Newton’s method with initial point $x_{0} \in G$ was first introduced by Owren and Welfert [ 43 ] in the form

x_{n + 1} = x_{n} \cdot e x p (- d F_{x_{n}}^{- 1} F (x_{n})) f o r e a c h n = 0, 1, \dots .

1.1

Newton’s method is undoubtedly the most popular method for generating a sequence ${x_{n}}$ approximating $x^{⋆}$ [ 7 , 11 , 15 , 16 , 32 , 34 , 36 ] , [ 54 ] – [ 56 ] . In the present paper we establish a finer local convergence analysis with the advantages ( $A_{l}$ ):

Larger convergence ball;

and

Tighter error bounds on the distances involved.

The necessary background on Lie groups can be found in [ 7 , 11 , 15 , 16 ] and the references therein. The paper is organized as follows. In Section 2, we present the local convergence analysis of Newton’s method. Finally, numerical examples are given in the concluding Section 3.

2 Local convergence analysis for Newton’s method

We shall study the semilocal/local convergence of Newton’s method. In the rest of the paper we assume $⟨ \cdot, \cdot ⟩$ the inner product and $∥ \cdot ∥$ on $Q$ . As in [ 56 ] we define a distance on $G$ for $x, y \in G$ as follows:

\begin{aligned} m (x, y) & = inf {\sum_{i = 1}^{k} ∥ z_{i} ∥ : t h e r e e x i s t k \geq 1 a n d z_{1}, \dots, z_{k} \in Q \\ s u c h t h a t y = x \cdot \exp z_{1} \dots \exp z_{k}} . \end{aligned}

By convention $inf \emptyset = + \infty$ . It is easy to see that $m (\cdot, \cdot)$ is a distance on $G$ and the topology induced is equivalent to the original one on $G$ . Let $w \in G$ and $r > 0$ , we denote by

U (w, r) = {y \in G : m (w, y) < r}

the open ball centered at $w$ and of radius $r$ . Moreover, we denote the closure of $U (w, r)$ by $\overset{―}{U} (w, r)$ . Let also $L (Q)$ denotes the set of all linear operators on $Q$ .
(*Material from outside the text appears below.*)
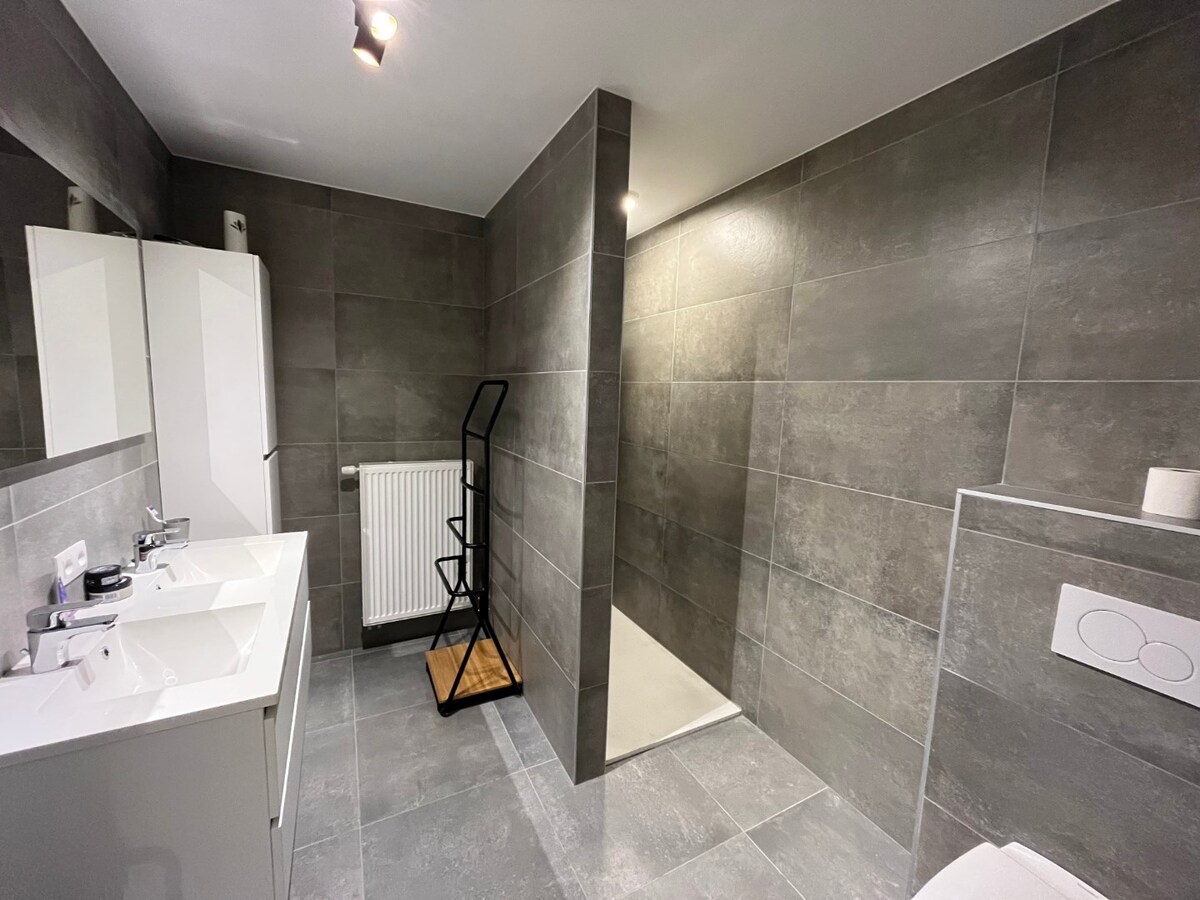 Nieuwbouwwoning in woonerf, hartje Gavere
We need the definition of Lipschitz continuity for a mapping.

Definition 2.1

Let $M : G ⟶ L (Q)$ , $x^{⋆} \in G$ and $r > 0$ . We say that $M$ satisfies the $L$ -Lipschitz condition on $U (x^{⋆}, r)$ if

∥ M (x \cdot \exp u) - M (x) ∥\leq L ∥ u ∥

2.3

holds for any $u \in Q$ and $x \in U (x^{⋆}, r)$ such that $∥ u ∥ + m (x, x^{⋆}) < r$ .
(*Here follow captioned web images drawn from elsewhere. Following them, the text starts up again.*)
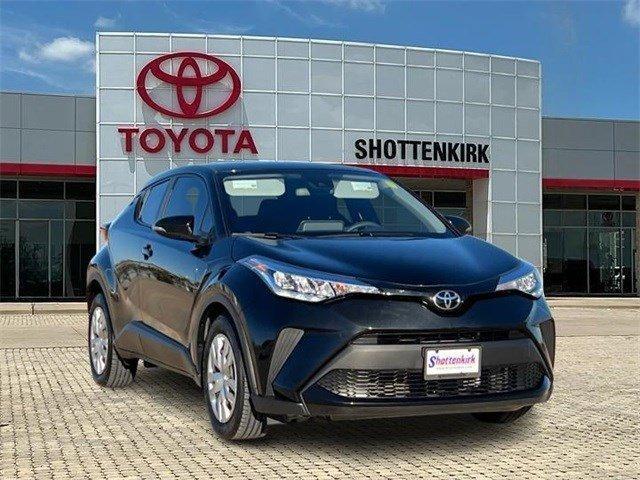 2020 toyota c-hr le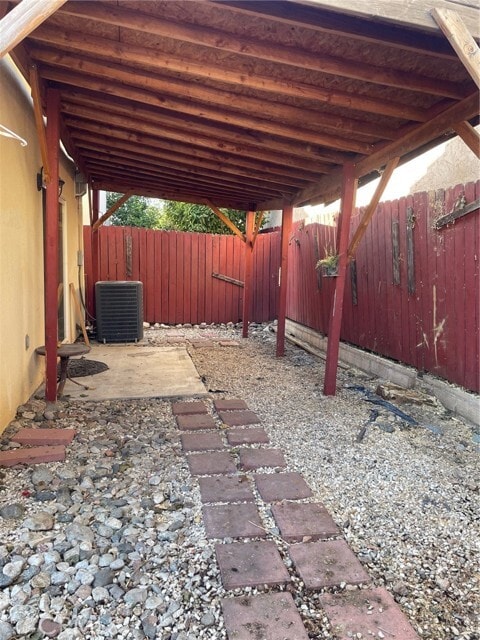 Foto del edificio - 8425 Burnet Ave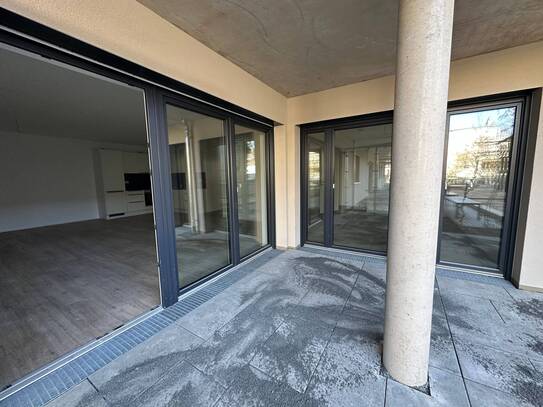 Erstbezug! 3-Zi Neubau Erdgeschosswohnung mit Terrasse ~ Stadtnah ~ TG-Stellplatz ~ Aufzug uvm.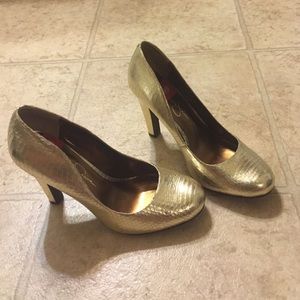 Comfy gold Jessica Simpson pump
It follows from (2.3) that there exists

L_{⋆}

such that

∥ M (x \cdot \exp u) - M (x^{⋆}) ∥\leq L_{⋆} (∥ u ∥ + m (x, x^{⋆}))

2.4

holds for any $u \in Q$ and $x \in U (x^{⋆}, r)$ such that $∥ u ∥ + m (x, x^{⋆}) < r$ .

We then say $M$ satisfies the $L_{⋆}$ -center Lipschitz condition at $x^{⋆} \in G$ on $U (x^{⋆}, r)$ . Note that if $M$ satisfies the $L$ -Lipschitz condition on $U (x^{⋆}, r)$ , then it also satisfies the $L_{⋆}$ -center Lipschitz condition at $x^{⋆} \in G$ on $U (x^{⋆}, r)$ . Clearly,

L_{⋆} \leq L

2.5

holds in general and $L / L_{⋆}$ can be arbitrarily large [ 4 ] – [ 16 ] .

Let us show that (2.3) indeed implies (2.4). If (2.3) holds, then for $x = x^{⋆}$ there exists $K \in (0, L]$ such that

∥ M (x^{⋆} \cdot \exp u) - M (x^{⋆}) ∥\leq K ∥ u ∥ f o r a n y u \in Q s u c h t h a t ∥ u ∥ < r .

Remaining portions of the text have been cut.